My favorite part of Bootstrap 4 is actually its newly included CSS reset
Reboot [0]. It's built on Normalize, but also provides a set of very
compelling improvements like making use of the native font stack, a bunch of
very sensible spacing and layout adjustments, and built-in optimizations for
touch responsiveness (removing the 300ms delay). I'm definitely going to be
trying it out on my next project regardless of whether or not it uses
Bootstrap itself.

With that said, I don't mean to rain on the parade, but I've been gradually
deviating away from using CSS frameworks for my projects, not because I don't
_want_ to use them, but rather because most CSS frameworks don't seem to mix
naturally with component-oriented CSS-in-JS libraries like glamorous [1],
which is my preferred way to work with styling these days.

If I do include a CSS framework, I end up having to use a mix of custom
component-scoped styles and global CSS classes from these frameworks, and
those CSS classes may have margins and cascading effects that reach into
children. This breaks component-level style isolation, and makes the styling
of children much harder to reason about, which defeats much of the purpose of
using component-oriented CSS to begin with.

What I really want to do is to import styles from a well designed CSS
framework _as a JS module_ (but I'm willing to accept anything that's properly
namespaced and isolated, like CSS Modules), and compose them with my own
styles without worrying about a polluted global namespace or styles from
parents reaching into children/vice versa or fighting with specificity issues.

So far, I haven't found any CSS frameworks that fit the bill, but Tachyons [2]
seems like it could be close enough (by emphasizing modular, low specificity,
shallowly cascading styles) that I could maybe just run it through a CSS to JS
compiler like native-css [3] and import its classes and compose them as I
would with any other JS style object.

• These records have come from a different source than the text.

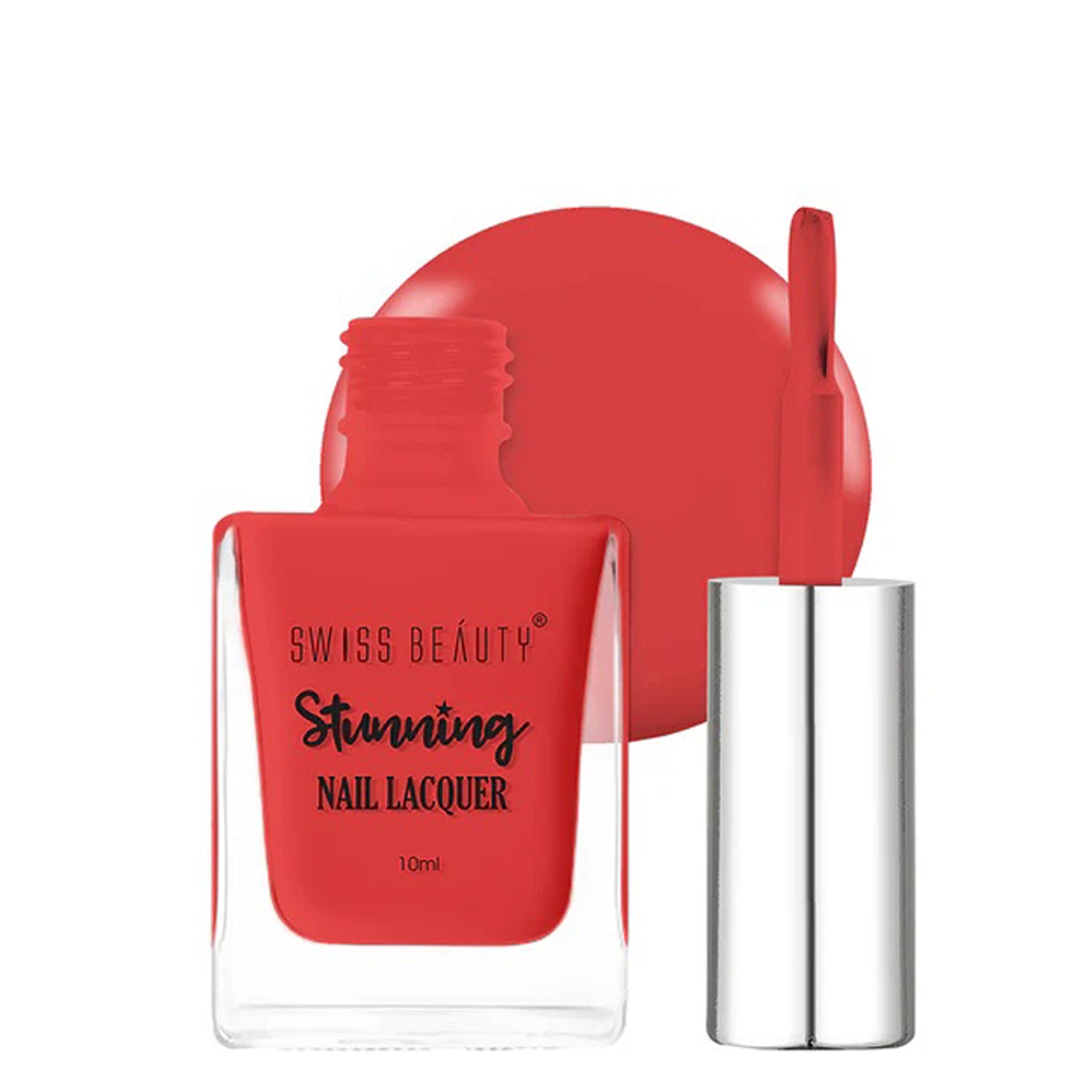 Swiss Beauty Stunning Nail Lacquer 10Ml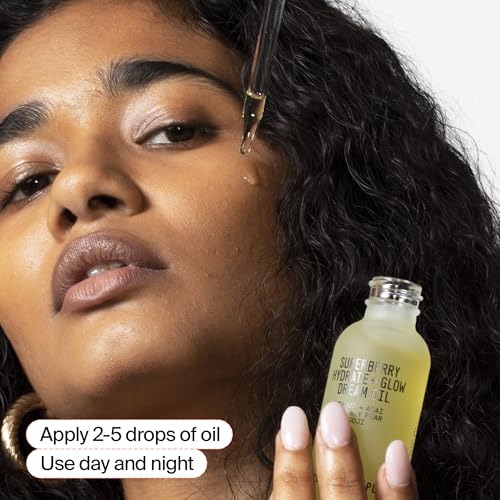 Superberry Hydrate + Glow Dream Facial Oil
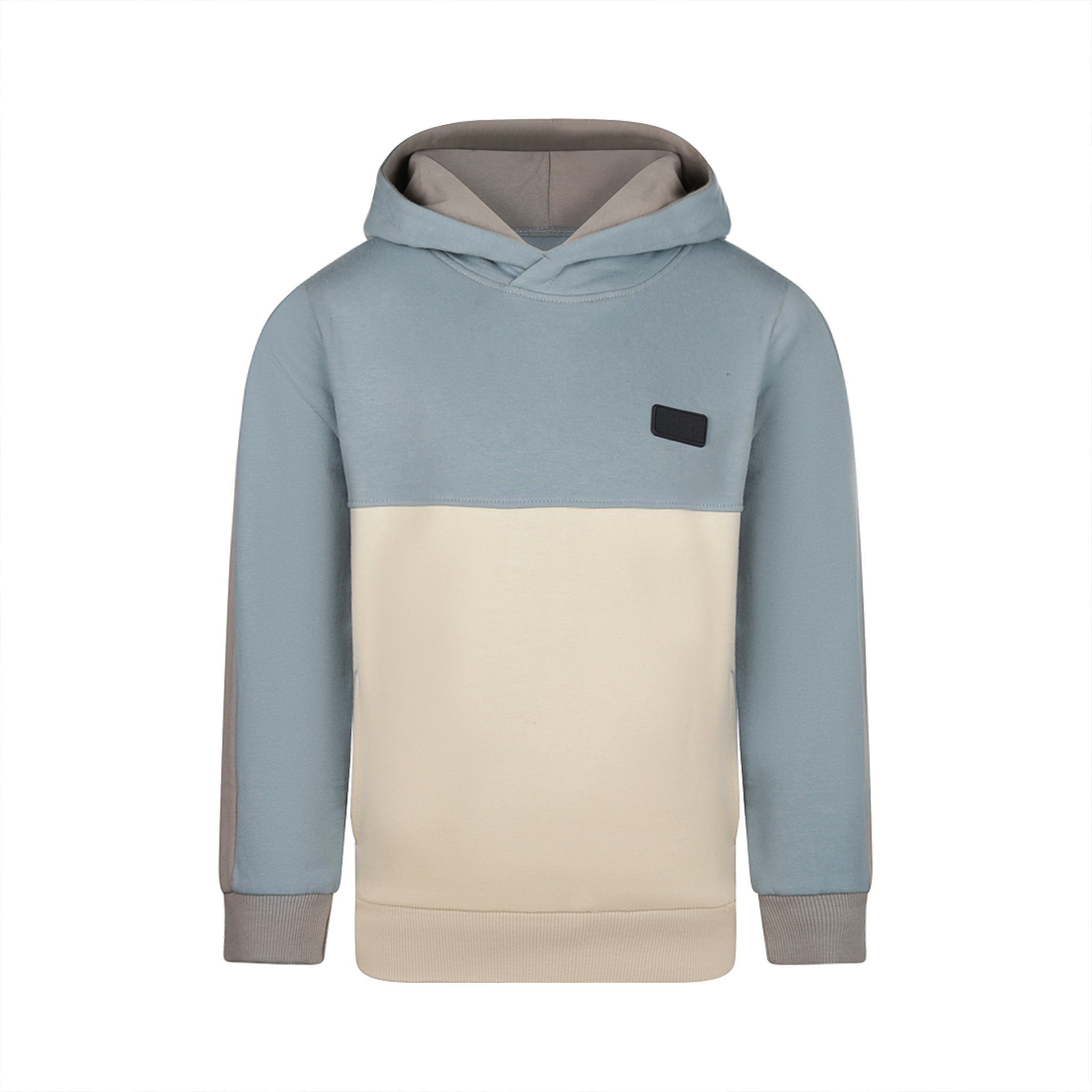 Sweater with hood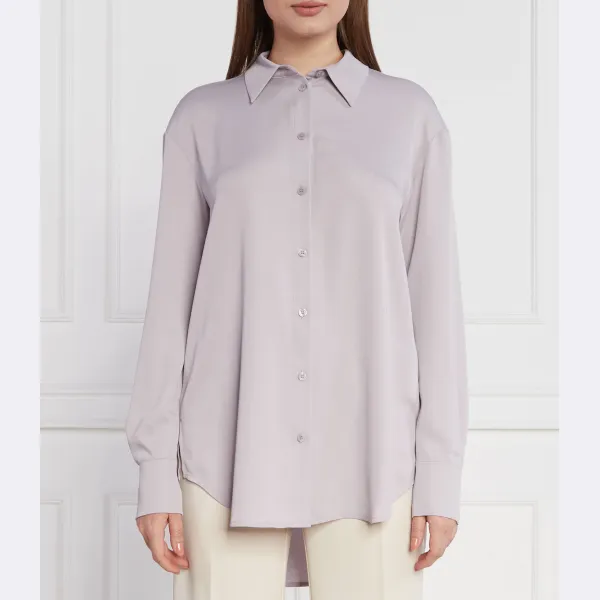 Рубашка CDC стандартного кроя Calvin Klein, фиолетовый
Рубашка CDC стандартного кроя Calvin Klein, фиолетовый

This is something I'm going to
experiment with soon enough, but I'd love to hear if others have any
thoughts/experiences they'd like to share on using CSS frameworks with
component-oriented CSS.

[0]
[https://getbootstrap.com/docs/4.0/content/reboot/](https://getbootstrap.com/docs/4.0/content/reboot/)

[1] [https://glamorous.rocks/](https://glamorous.rocks/)

[2] [http://tachyons.io/](http://tachyons.io/)

[3] [https://github.com/raphamorim/native-
css](https://github.com/raphamorim/native-css)

------
Scarbutt
What they didn't default to Grids and provide a fallback? the grid system
examples in their docs are scary.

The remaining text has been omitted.